A query against a lexicographic index, as provided to the query.parameters field of the /gtable-xxxx/get method, consists of any of the following (the query language is inspired by that of MongoDB):

  • A hash of the form {"column1": CONSTRAINT1, ...} containing constraints that must be matched for each of the specified columns. Each CONSTRAINT may take any of the following forms:
    • VALUE: the value in column1 must equal VALUE (a string, number, or boolean).
    • {"$eq": VALUE}: same as just specifying VALUE, see above.
    • {"$gte": VALUE}: the value in column1 must be greater than or equal to VALUE. If the specified column is a string column, strings are compared lexicographically by their Unicode code points.
    • {"$gt": VALUE}: the value in column1 must be greater than VALUE. If the specified column is a string column, strings are compared lexicographically by their Unicode code points.
    • {"$lte": VALUE}: the value in column1 must be less than or equal to VALUE. If the specified column is a string column, strings are compared lexicographically by their Unicode code points.
    • {"$lt": VALUE}: the value in column1 must be less than VALUE. If the specified column is a string column, strings are compared lexicographically by their Unicode code points.
    • {"$startsWith": VALUE}: the value in column1 (which must be a string column) must begin with VALUE.
  • A hash of the form {"$and": [QUERY1, ...]} where the array specifies any number of queries, recursively. Rows that are returned must match all of the specified queries. Note that if you specify a hash with column names and values using the syntax above, the constraints on individual columns are also logically combined using "and", but only the $and operator allows you to supply multiple constraints on the same column.

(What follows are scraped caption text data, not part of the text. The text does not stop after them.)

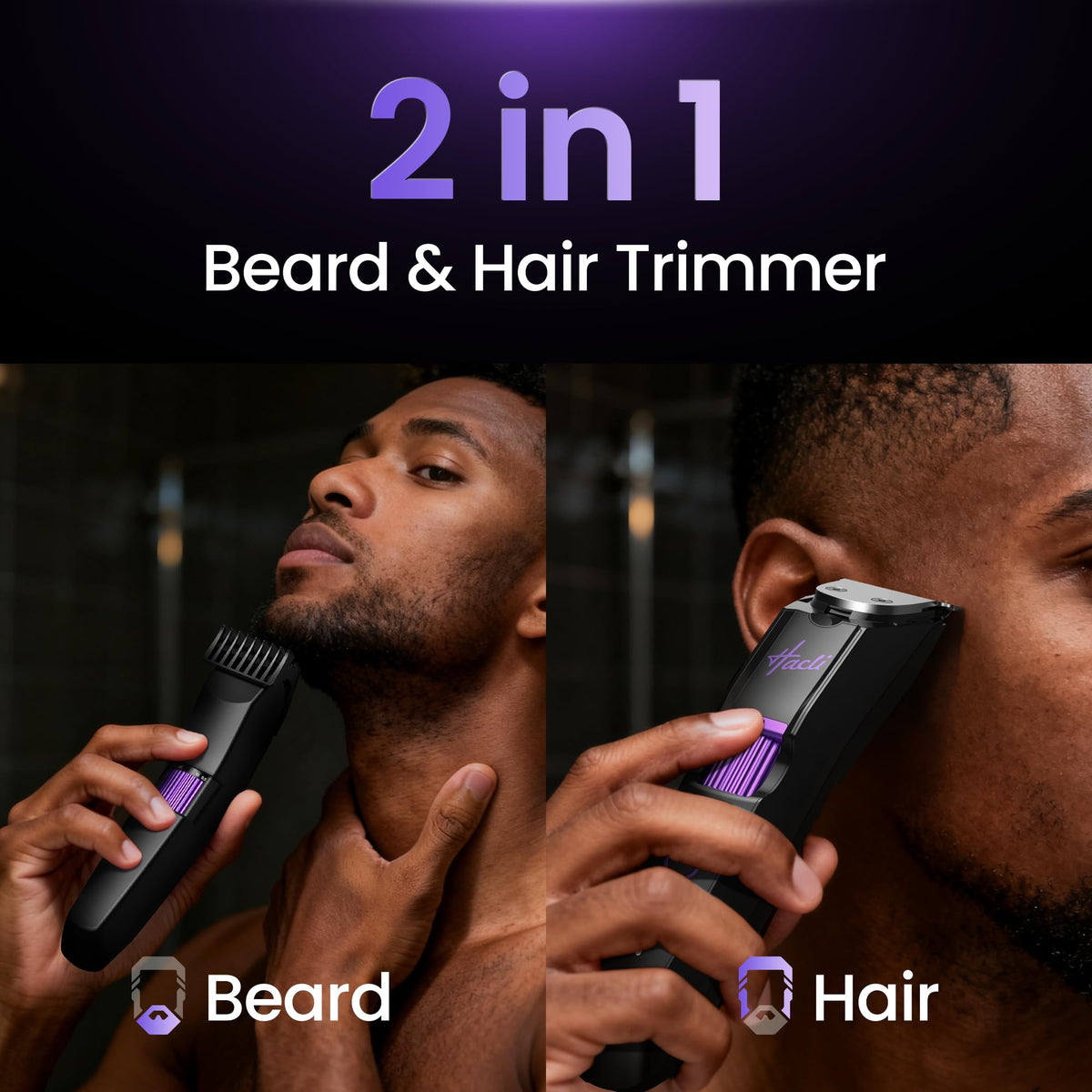 HACLI beard trimmer with USB-A charging for quick top-ups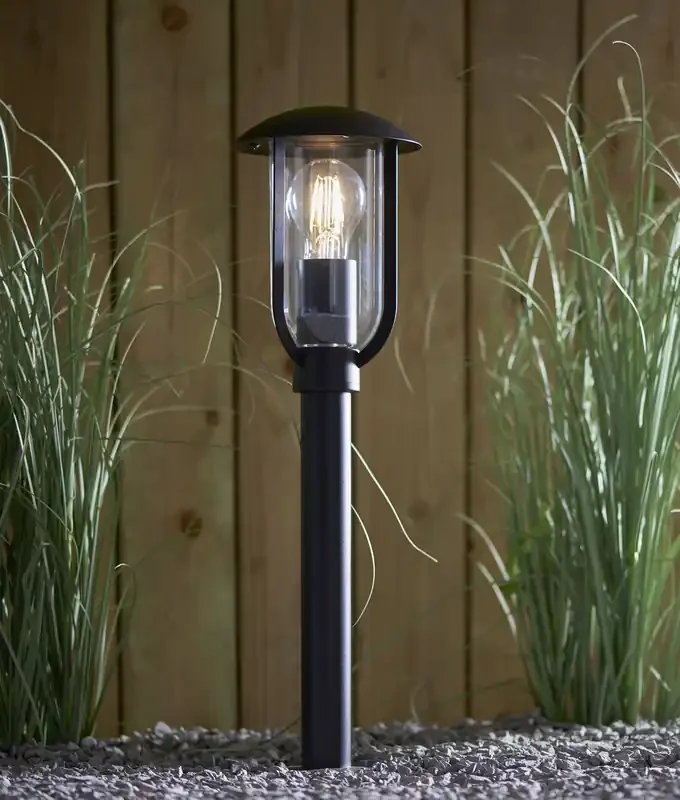 Contemporary Mini Post Light for Garden Paths and Flowerbeds – Textured Black Paint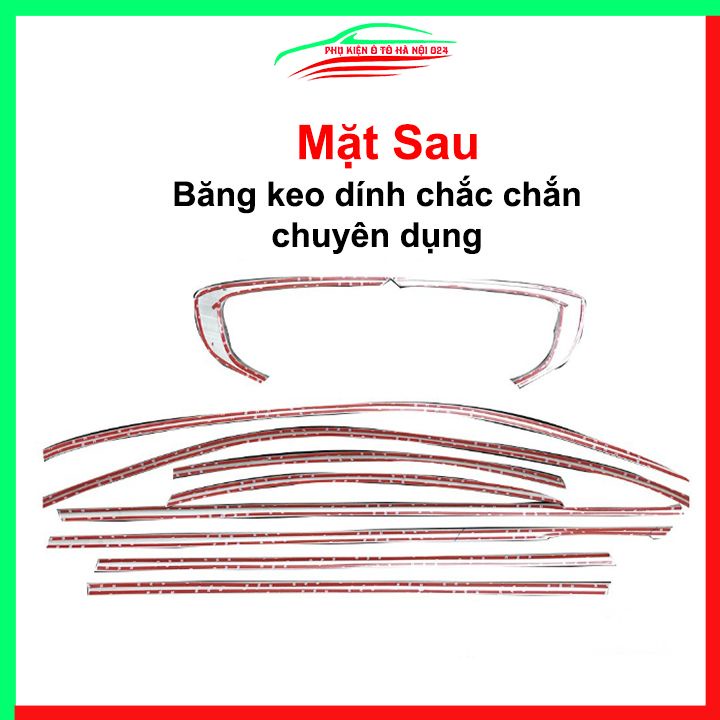 Bộ nẹp viền chân kính cong kính Cerato 2019-2023 Inox sáng bóng chuẩn form xe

If any string column is indexed case-insensitively, then queries on that column are matched in a case-insensitive way, and string inequality operators ($gt, $gte, $lt, $lte) compare the lowercased version of the value to the lowercased version of the operand as a sequence of Unicode code points when comparing strings that are not the same (after normalizing for case).

The /gtable-xxxx/get method does not support arbitrary queries composed of the operators described above: only queries that match a consecutive sequence of rows in the ordering specified by the index. In particular, queries must be on some prefix of the indexed columns, and each column except the last one specified must have an equality constraint.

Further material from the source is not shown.